Михаил Рай, Надежда Петровская: «Триггерные шары»

— Война травмирует. Когда-нибудь она закончится, но триггерные факторы — определенные объекты, звуки и места — будут периодически возвращать нас к пережитым чувствам и состояниям. Они оседают на дне нашей психики тяжелой бетонной плитой и будут лежать там, пока их связь с интенсивными негативными эмоциями не разорвется. Пока мы должным образом не проживем и не переосмыслим произошедшее, пока не поймем, что наша личность и наши ценности изменились к лучшему. Пока травмирующие воспоминания не станут прочным фундаментом для той личности, которой мы еще только должны стать. От триггерных факторов нельзя убежать, их нужно разрядить. Война началась в голове, там она и должна закончиться.

Травма, если ее не замечать и ничего с ней не делать, разрастается в нервной системе, как грибной мицелий, поглощая всё больше нормальной жизни и здравого смысла. С годами человек превращается в обнаженный нерв, в минное поле, где триггером может стать всё вокруг, где стеклянный шар разрастается до масштабов вселенной.

Заключительный объект серии «триггерных шаров» называется «Дзэн».

— Это состояние ясного разума, в котором мы воспринимаем мир таким, каков он есть, можем видеть его глубинную сущность, «видеть сердцем»… Это также «Свобода», настоящая, потому что о какой свободе может идти речь, когда нашим поведением руководит травма? Это также и «Счастье», тихое, не бурное, но постоянное и неизменное, потому что только в таком состоянии оно возможно. Это и безусловная Любовь, к себе в первую очередь, потому что в травме ее катастрофически не хватает.

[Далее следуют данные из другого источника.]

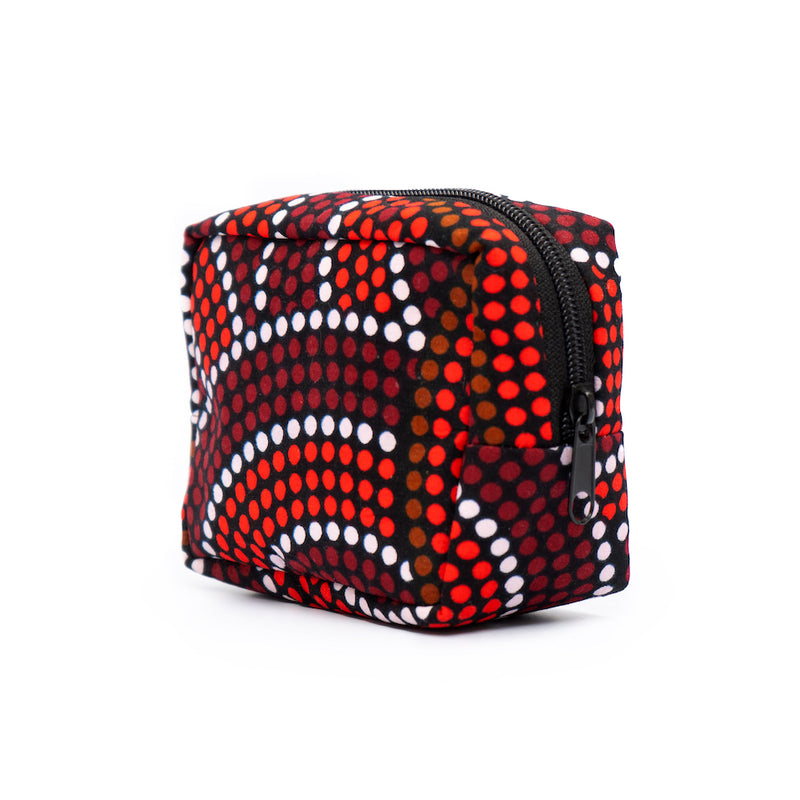 キューブポーチ - ルナ・ウェーブ -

Фотография предоставлена командой выставки

Надя Рапля: «Кратт»

— У меня на выставке трехметровая инсталляция из березовых веток, окрашенных красной краской. Кратт — это существо из эстонской мифологии, которое крестьяне, по легенде, создавали для помощи по хозяйству. Делали его из веток, сена, черепов животных и «оживляли» с помощью своей крови. Кратт повинуется воле хозяина, но может выйти из-под контроля, стать опасным и даже начать убивать. Я для своего Кратта использовала березовые ветки. Береза символична в славянском фольклоре. В современной России пропаганда переврала смысл многих символов и использовала их для своей выгоды. В результате береза оказалась символом империализма, гордости за родину с существующей властью. Один знакомый, смеясь над тем, что я не могу вернуться домой, спросил, давно ли я обнимала березку. В моем Кратте нет никаких крепежей, кроме веревочек. Держится вся эта конструкция на хрупком балансе — таком же хрупком, как и любой тоталитарный режим. В один день всё обязательно обрушится, и дух Кратта, и береза, и мы станем обязательно свободными.